一帯一路においては中国およびアジアインフラ投資銀行(AIIB)が相手国に投資するとそれを中国企業が受託してインフラなどの開発を行っている。
また中国の大手IT企業アリババの創業者ジャック・マーはアフリカの企業家育成に乗り出すなどの動きを見せている(Financial Times、2019年12月5日)。余談だが、ジャック・マー自身がその経緯についてNew York Timesに寄稿している(2019年12月5日)。
中国政府と民間企業との連携は密接であり、あらゆる分野にわたっている。後述する社会信用システムや軍事においても同様である。

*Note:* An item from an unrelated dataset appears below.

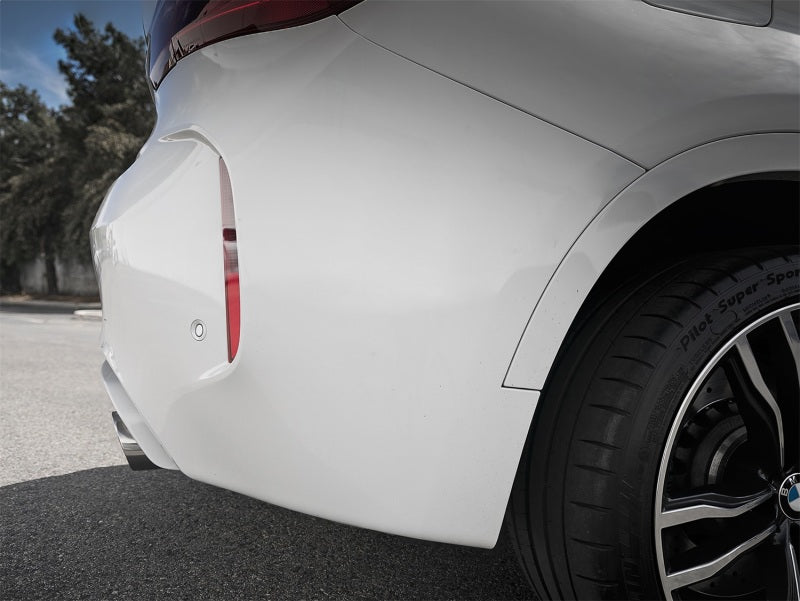 aFe MACH Force-Xp 3.5in. 304 SS C/B Exhaust w/o Muffler 15-18 BMW X5 M V8-4.4L (tt) - Polished Tip Catback aFe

中国の社会信用システムは一帯一路参加国に広がろうとしている
社会信用システムとは、個人や団体の信用度を評価し社会で共有、利用するためのシステムである。企業や個人の資産の状態、ビジネス、法規制の遵守、トラブルの有無などを総合的に尺度化したものが、いわゆる「信用」となる。たとえばムーディーズやS&Pなどの格付け機関は金融商品などの信用を格付けという形で開示する。日本では全国銀行個人信用情報センターが消費者金融に関わる個人信用、シー・アイ・シーはクレジットカードに関わる個人信用を開示している。民間レベルだとAmazonや楽天の出店者の評価などもその一種と言える。
中国の社会信用システムは国内向けに運用されていたもので、大きく政府、地方自治体、民間企業の3つに分かれる。政府内各部局、地方自治体と民間企業は個々に異なる社会信用システムを構築しており、機能や用途は異なる。近年、共通のAPIが用意され、相互接続されるようになってきている。

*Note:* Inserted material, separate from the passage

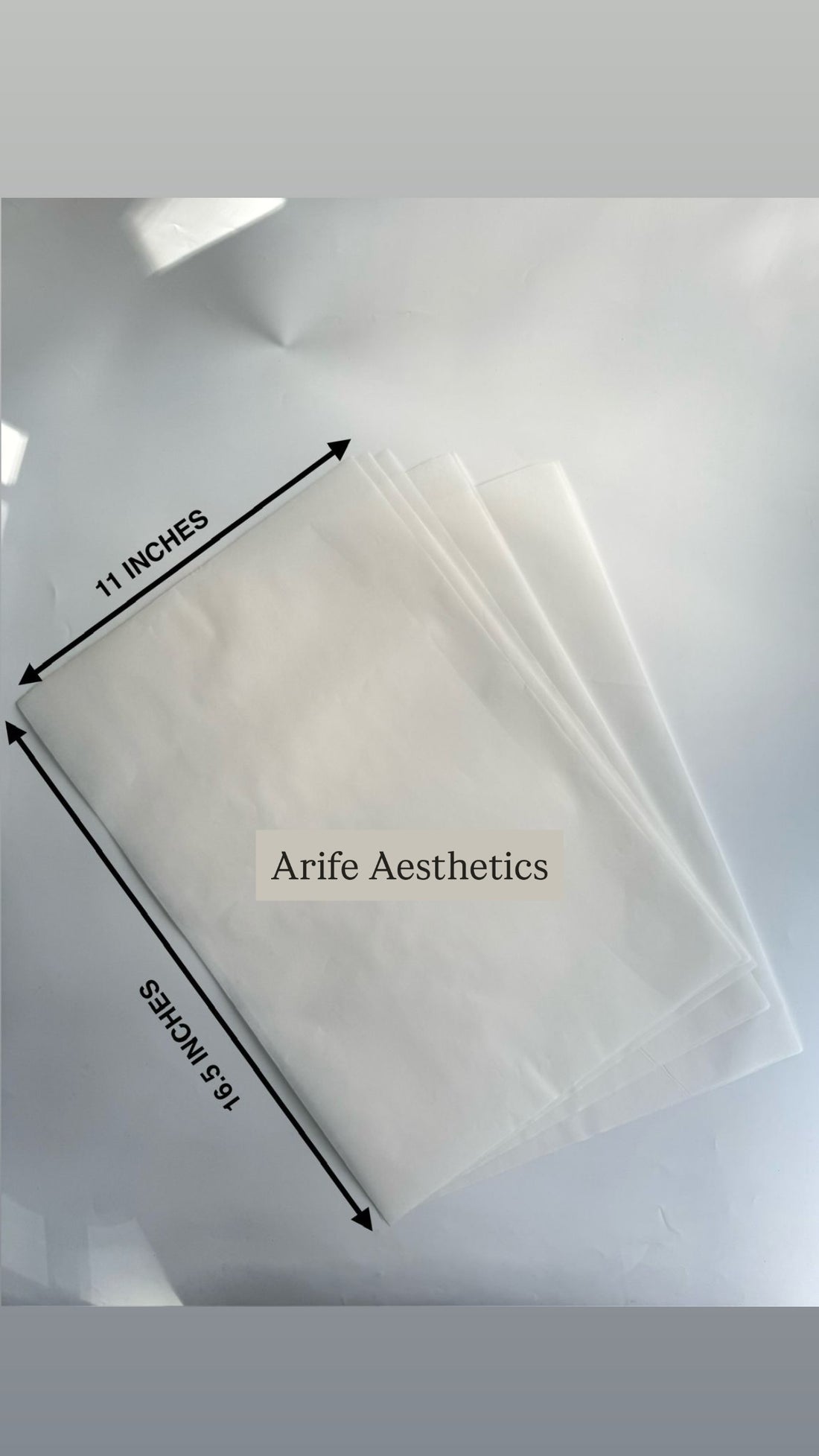 11x16.5inch Rectangle Precut Greasing Paper (100-120pcs)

日本でよく紹介される芝麻信用は民間企業が運用する社会信用システムのひとつでアリババグループが提供している。WeChatを提供するテンセントの騰訊征信と呼ばれる社会信用システムも多く使われている(ハーバービジネスオンライン、2020年05月14日)。
全体をまとめた表が下記になる。
中国の社会信用システム
中国の社会信用システムは一帯一路参加国にも広がろうとしている。2018年10月に山東省済南で開かれたイベントで、一帯一路参加国の間で社会信用情報を共有するプラットフォーム「"一带一路"国际合作城市信用联盟」の設立が告知された。参加国は、中国、フランス、イタリア、サウジアラビア、モンゴル、タイ、ミャンマーの7カ国だ。

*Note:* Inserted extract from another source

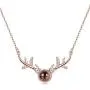 Sllaiss 14K Rose Gold Plated Sterling Silver 100 Languages I Love You Projection Necklace for Women,Deer Antler Pendant Christmas Romantic Love Memory Gift for Her,Sets with Swarovski Zirconia Sllaiss 14K Rose Gold Plated Sterling Silver 100 Languages I Love You Projection Necklace for Women,Deer Antler Pendant Christmas Romantic Love Memory Gift for Her,Sets with Swarovski Zirconia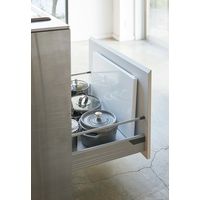 tower（タワー） 折り畳みガスコンロカバー ワイド ホワイト 1個 山崎実業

2020年には中央アジアのカザフスタン、キルギスタン、モンゴルで社会信用システム導入のためのフィージビリティースタディーを行うことになっている。
社会信用システム、監視システムが完備すると監視カメラの映像から顔認証して詳細な個人情報まですぐにたどることができるようになる。デモや反政府活動に参加すれば、すぐに身元がわかる。一帯一路で社会信用システムが共有されることになれば、国境を越えて追跡することも可能だ。中国はこれらを一帯一路参加国に提供することによって、相手国の政権を盤石なものにできる。デジタル権威主義の輸出と呼ばれるゆえんである。